6. Exosome formulation and route of administration

The formulations of exosomes commonly tested in in vivo studies are simple aqueous dispersions without other excipients.^{17,26,27,48,125,150} Early studies in our laboratory indicated that lyophilization improved the stability and prevented the leakage of the drug, and a significant change in the size of lyophilized exosomes was observed 1 day after storage at 4 °C in the absence of cryoprotectants. However, the inclusion of cryoprotectants remarkably improved the exosome stability during lyophilization (Fig. 8). Further research on optimizing the optimal concentration of cryoprotectants and understanding the mechanism of the cryoprotectants is underway. In addition, our group is currently investigating the impacts of other manufacturing processes like filtration and sterilization on the stability and drug release of exosomal formulations.

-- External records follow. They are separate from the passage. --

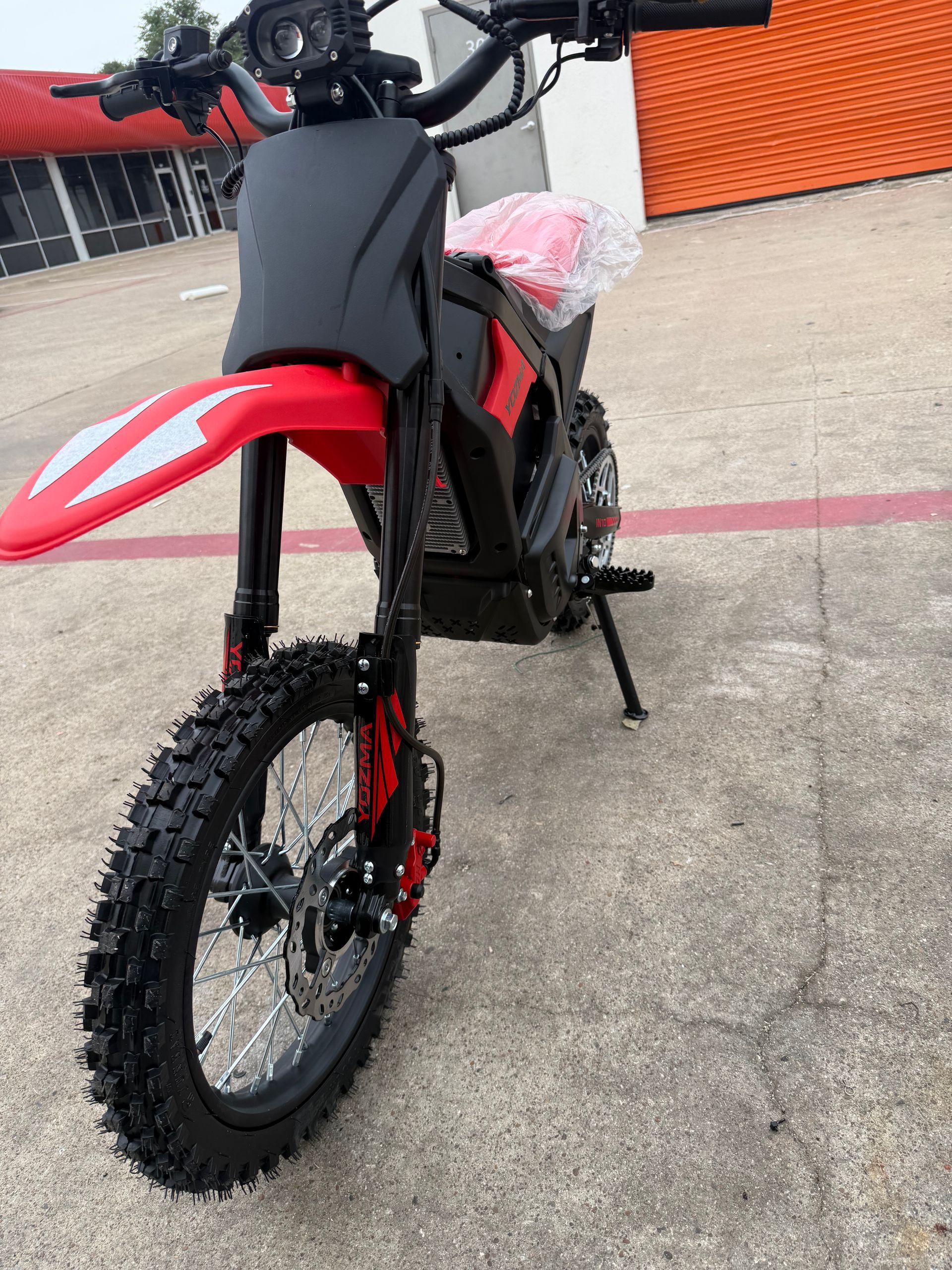 Red dirt bike parked on concrete, front view with black frame and red fenders.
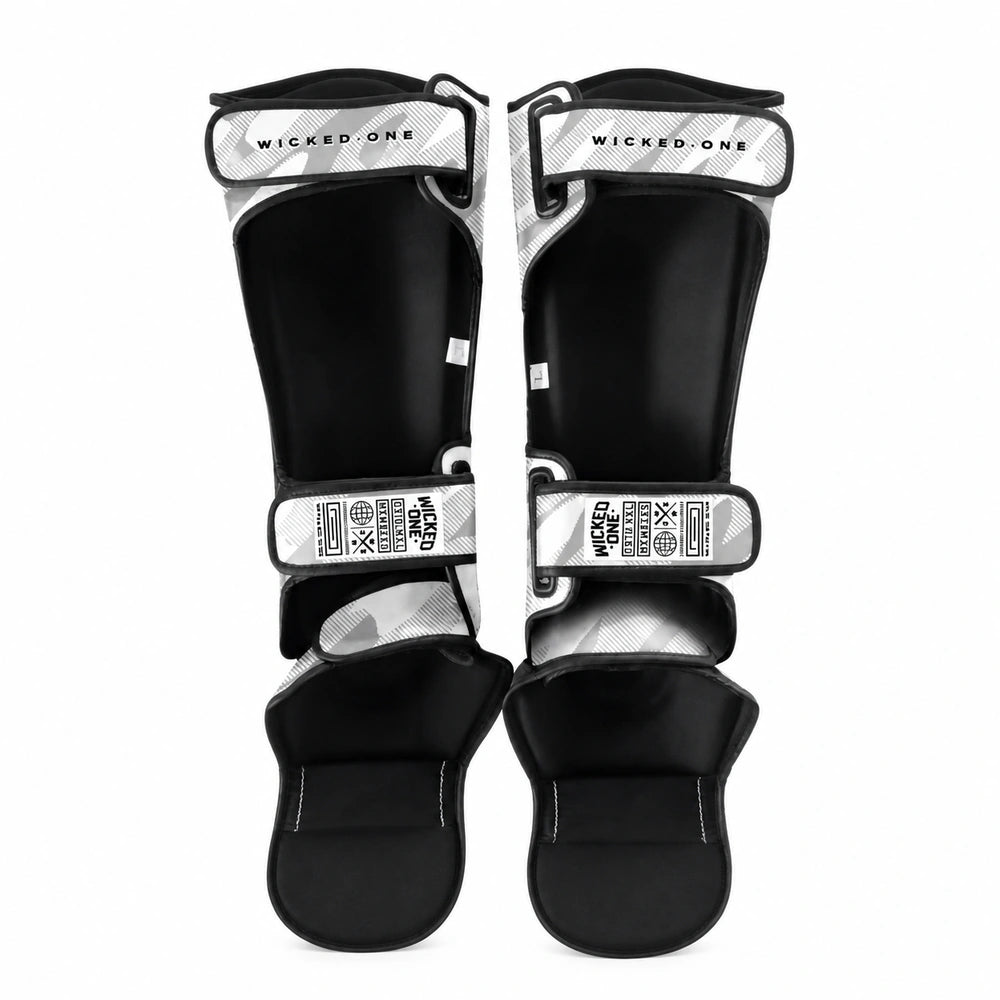 A pair of black and white patterned shin guards with adjustable straps, displayed against a solid white background.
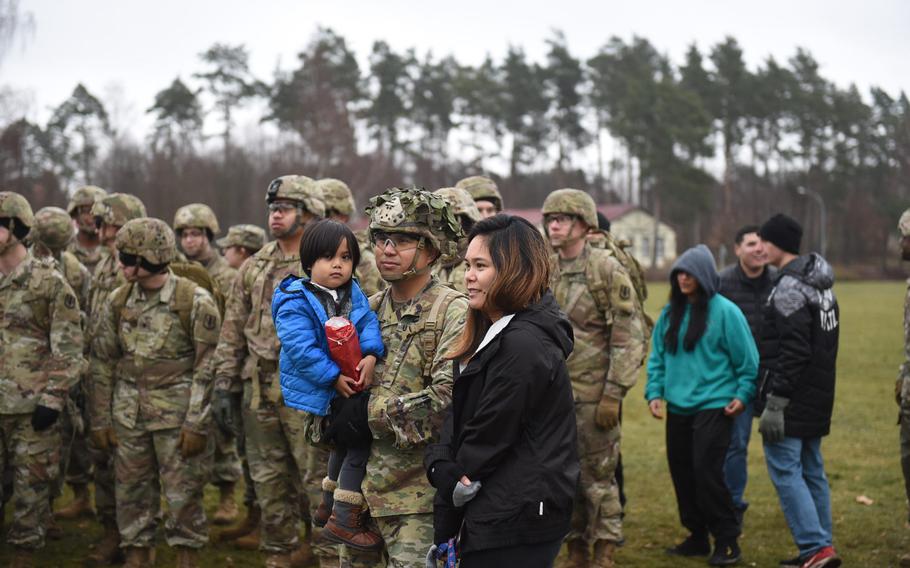 First Sgt. Brian Lomibao, center, holds his son Eliot, who's clutching the goodie bag the family got for taking part in a 3-mile march on Grafenwoehr Training Area in Germany, as part of a holiday toy collection for needy children.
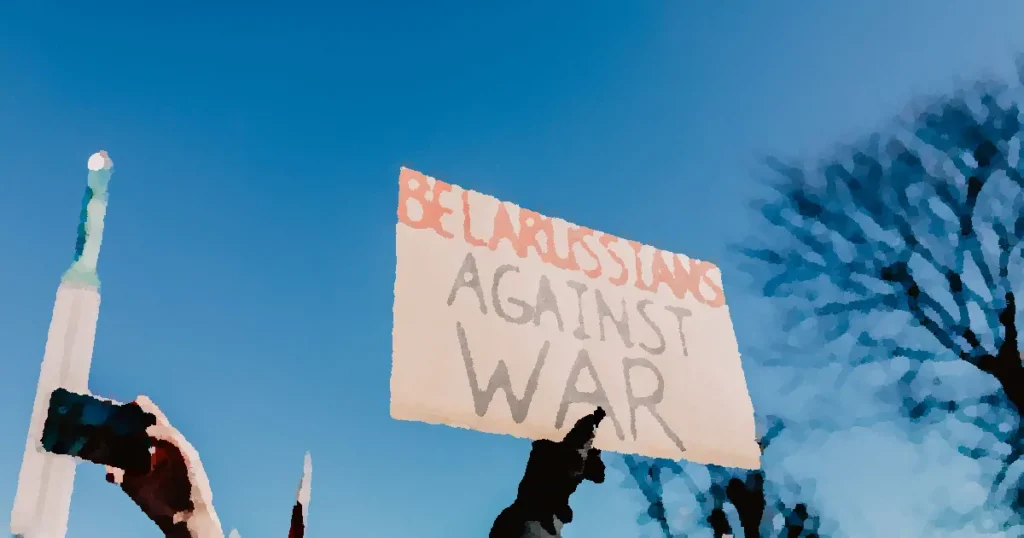 Demonstrators in Riga holding a sign 'Belarussians Against War.' Clear blue sky.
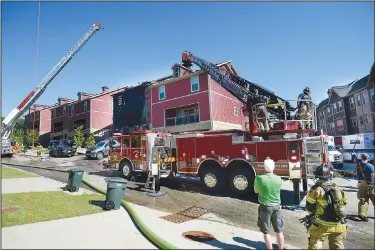  ?? (NWA Democrat-Gazette/ Andy Shupe) ?? Fayettevil­le firefighte­rs (above photo) check the roof for fire Tuesday after a fire broke out at Village at Shiloh Park Land apartments in Fayettevil­le. (Left photo) Firefighte­rs work on the roof. Go to nwaonline. com/210616Dail­y/ for today’s photo gallery.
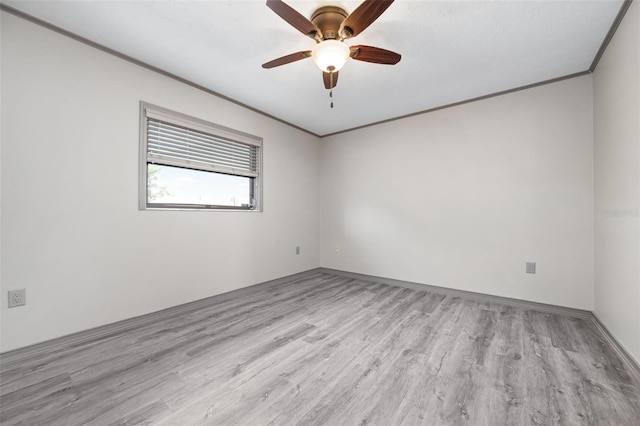 2320 James Ln, Sarasota, FL 34231 - spare room with ornamental molding, wood finished floors, and ceiling fan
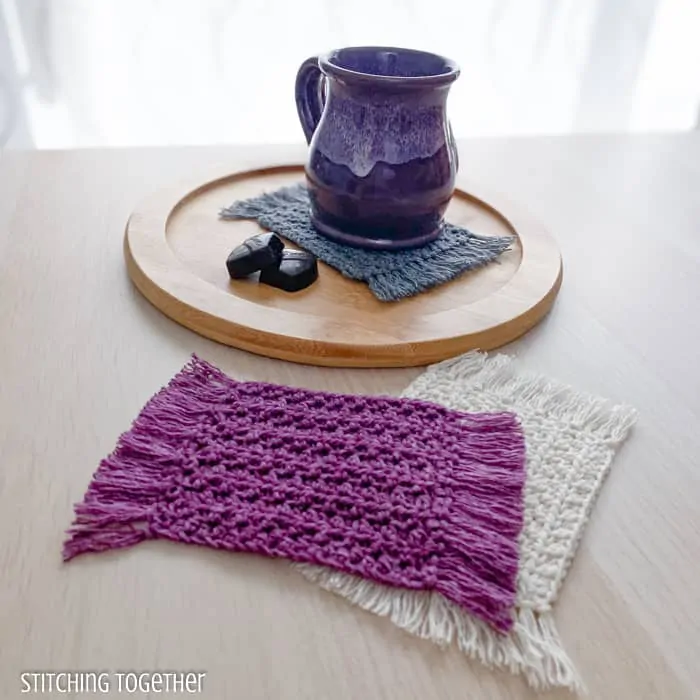 mug sitting on a crochet coaster with 2 other coasters stack in front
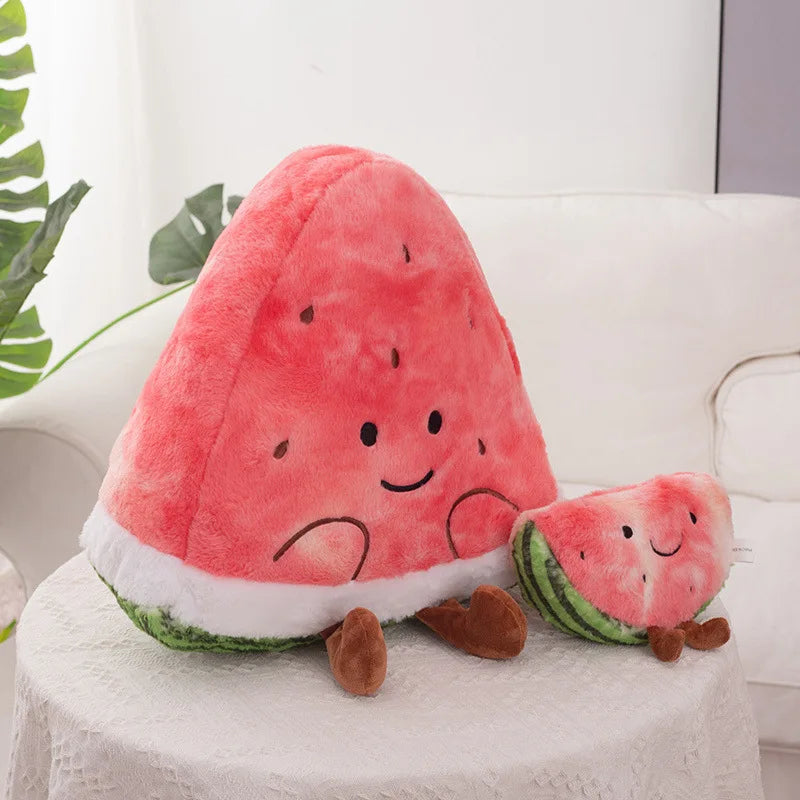 A cute plush watermelon toy with a large triangular watermelon slice and a smaller slice companion, both with embroidered smiling faces and brown feet, sitting on a white tablecloth.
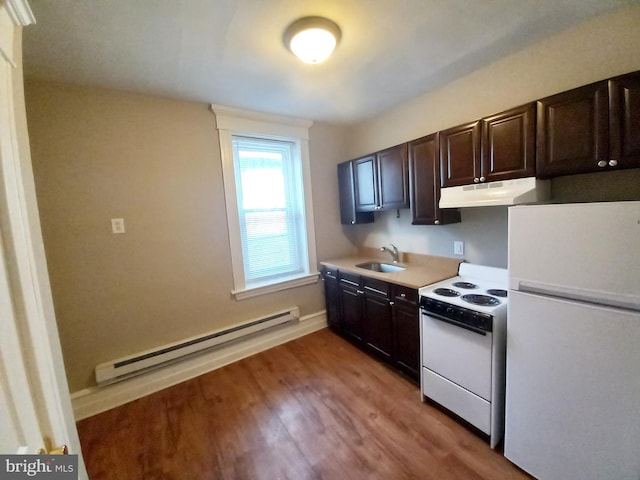 4623 N Broad St, Philadelphia, PA 19140 - kitchen with white appliances, a sink, a baseboard radiator, under cabinet range hood, and wood finished floors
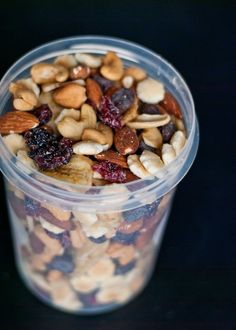 a plastic cup filled with nuts and raisins on top of a black table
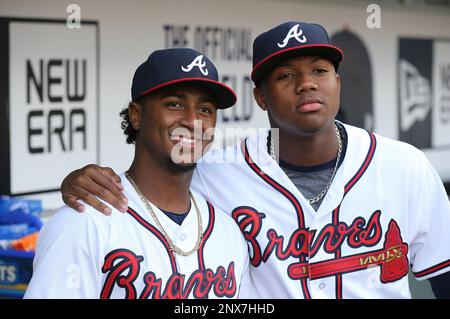 Ozzie Albies of the Atlanta Braves laughs in the dugout during the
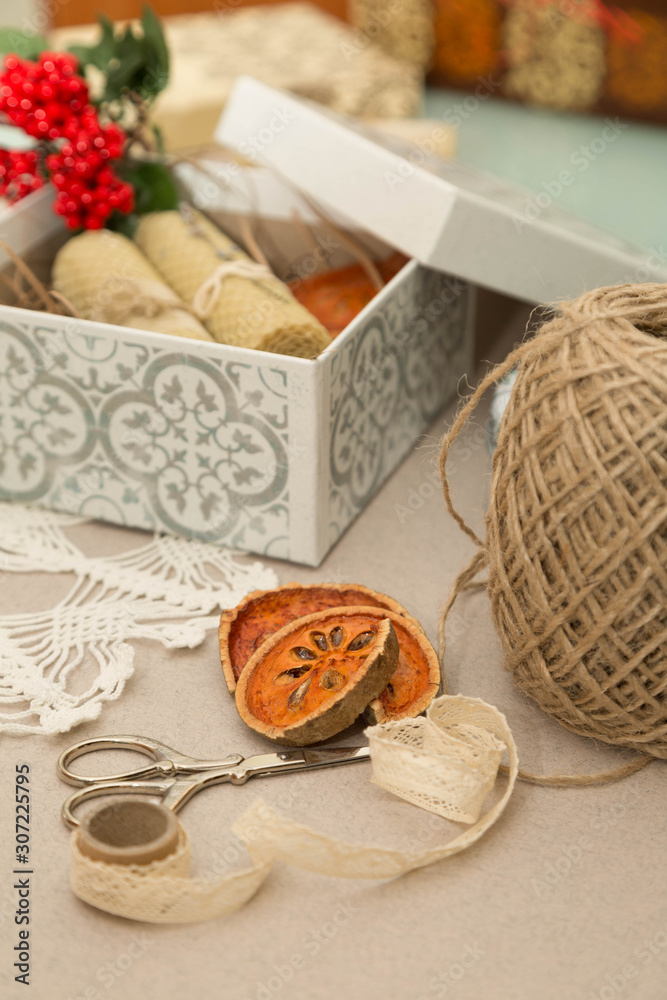Natural candles packing in the box. Gifts packing. Gifts wrapping.Vintage. Vertical Natural candles packing in the box. Gifts packing. Gifts wrapping.Vintage. Vertical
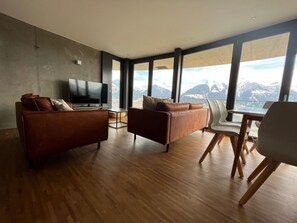 Un salon moderne doté d’un grand téléviseur, de deux canapés, d’une table à manger avec des chaises, et offrant une vue sur les montagnes grâce à de grandes fenêtres.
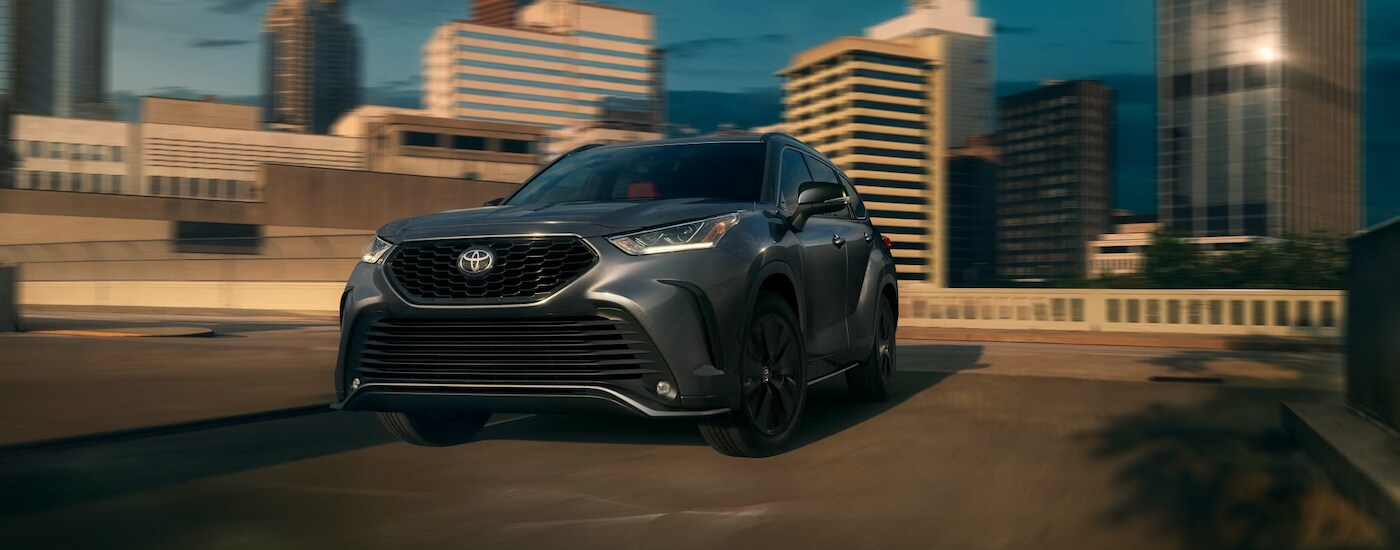 A grey 2024 Toyota Highlander XSE driving through a city.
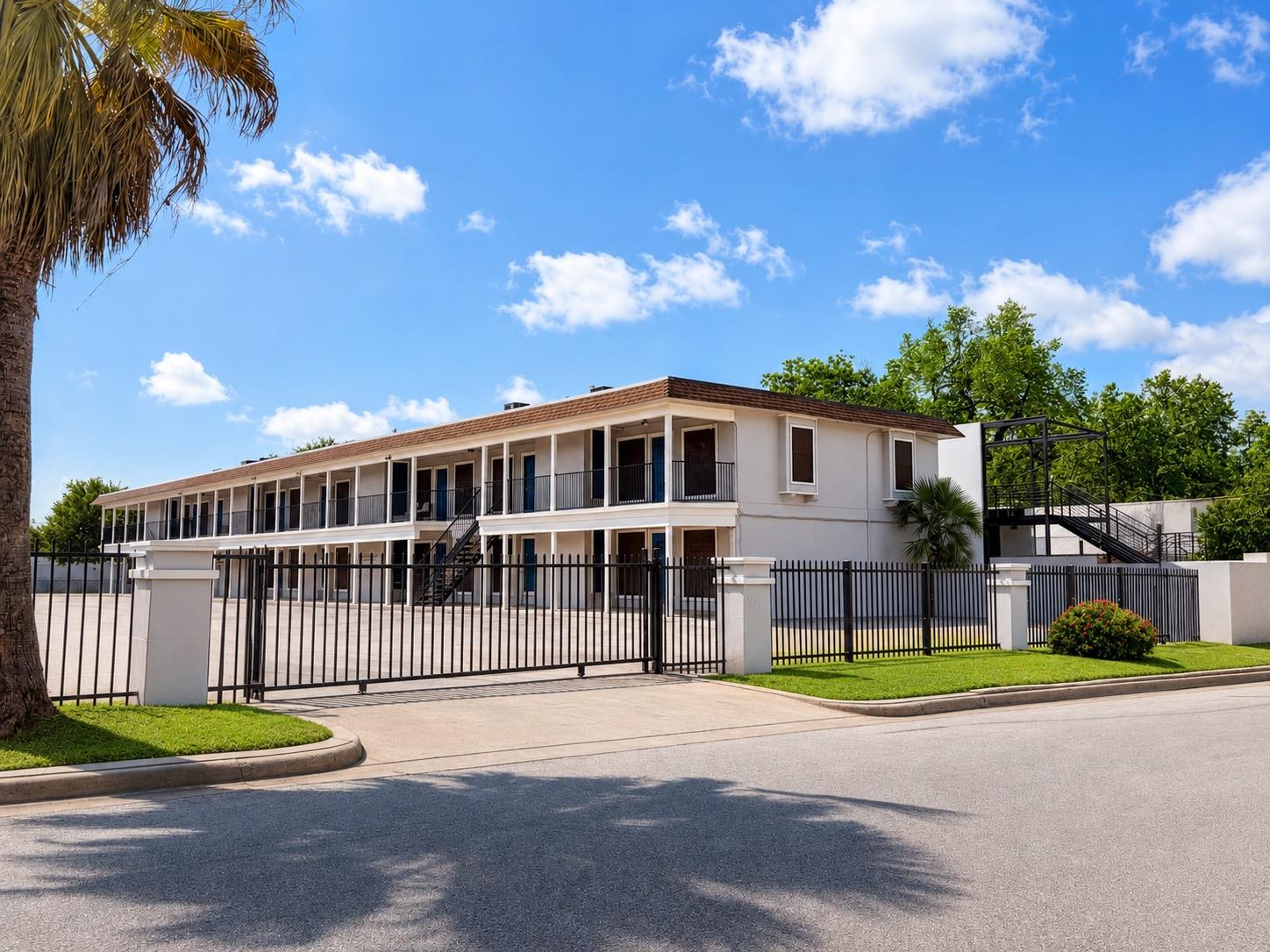 Multi-level building exterior featuring a neutral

Fig. 8 Effect of cryoprotectants on the recovery of lyophilized bovine milk-derived exosomes. While original exosomes are stable before lyophilization, the size of lyophilized exosomes without cryoprotectants tripled within 1 day. Using cryoprotectants enhanced the stability of exosomes during lyophilization. Mannitol and glycine 0.5% (w/v) have shown the best effects (cryoprotectant concentration was 0.5% w/v and reconstituted samples were stored at 4 °C).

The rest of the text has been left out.